Révélé à la face du monde de la plus controversée des manières (un coup de force contre un régime démocratiquement élu), Amadou Haya Sanogo avait besoin d’un réel changement de veste pour se faire oublier et rentrer dans le giron de la majorité de l’opinion publique.
Même si le temps d’attente a été long, le N°1 du défunt CNRDRE se meut tout de même. Le président du Comité de réforme des forces armées et de sécurité, selon toute vraisemblance, se serait mu en «Karamogo ». Une appellation que lui attribuent ses admirateurs à Bamako et à Kati. Tiré du Bamanankan, «Karamogo » signifie le maitre spirituel, le gourou, un dépositaire de pouvoirs mystiques, un maitre coranique, un marabout, un chef dans la confrérie des chasseurs.
Ce mot aux multiples sens est-il employé par les partisans du capitaine à titre affectif ou pour révéler la puissance mystique de l’homme qui aura renversé un régime de généraux ? L’interrogation a un pesant d’or. Tant est-il qu’il n’y a pas de fumée sans feu.
Sanogo marabout ou partisan des fétiches ?
En tout cas, depuis les moments chauds des marches anti-Cedeao, le capitaine Amadou Haya Sanogo a sollicité la bénédiction d’un « Karamogo » attitré du pays. Le leader religieux et marabout de Nioro, Mohamoud Checknè Haïdara alias Bouillé, qui a répondu par des gestes sympathiques à l’appel du jeune soldat en détresse (car acculé par la classe politique et la communauté internationale). En compagnie d’une forte délégation composée de ses enfants et de ses disciples, Bouillé a effectué une visité de courtoisie à Kati où les cadeaux symboliques ne lui ont pas manqué. Un cheval blanc a été offert par le capitaine à l’hôte de marque du jour.
Dans notre société, le cheval blanc est un cadeau précieux recommandé dans beaucoup d’offrandes ou de sacrifices. Tout comme la polémique qui s’en est suivie, les interprétations n’ont pas manqué. De mauvaises langues présentaient le cadeau de l’occasion (cheval blanc offert) comme une caution aux connaissances maraboutiques acquises.
En tout cas, dans les apparitions publiques, le nouveau disciple du Chérif de Nioro s’est vêtu tout de blanc (boubou, chéchia et babouches). C’était au CICB lors d’un meeting des leaders religieux.
A l’occasion, le capitaine putschiste avait remplacé son inséparable bâton par un accoutrement de marabout. Une image qui n’est pas passée inaperçue dans les garnisons de Kati où beaucoup étaient habitués à voir Sanogo avec sa supposée canne magique.

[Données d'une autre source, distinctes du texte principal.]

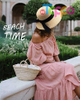 Fashion Wide Brim UV Protection Adjustable Sweatband Windproof Chin Strap Travel Straw Hat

Une canne qui fait partie des objets de main les plus utilisés du capitaine Sanogo. Ce précieux compagnon est venu s’ajouter au bracelet en cuir du miraculé du contrecoup d’Etat du 21 mai 2012.
Cet objet fréquent fait partie du décor des chasseurs « maitres de la forêt et dépositaires de connaissances occultes et mystérieuses. Lors des sorties des chasseurs, Sanogo se faisait représenter et faisait parvenir ses messages de soutien à la confrérie. Il trouvait des occasions pour se réclamer de cette organisation sociale.
Même s’il est vrai que Sanogo est devenu un Karamogo, il ne serait pas encore devenu un bon voyant car toutes les fois où il s’est prononcé sur des évènements futurs, ses génies lui ont menti. Comme son gourou de Nioro, Sanogo a avait assuré qu’aucun soldat étranger ne foulera le sol malien. Il avait précédemment déclaré que Dioncounda ne passera une seconde de plus après ses 40 jours de présidence intérimaire.
Marabout ou pas, féticheurs ou non, Sanogo est en tout cas convaincu de l’existence de forces mystiques. Lors d’une sortie télévisée, l’homme fort de Kati a bien déclaré que les militaires au front ont besoin de connaissances des détenteurs de pouvoirs occultes. A l’occasion, il avait également sollicité du matériel militaire pour les hommes au front.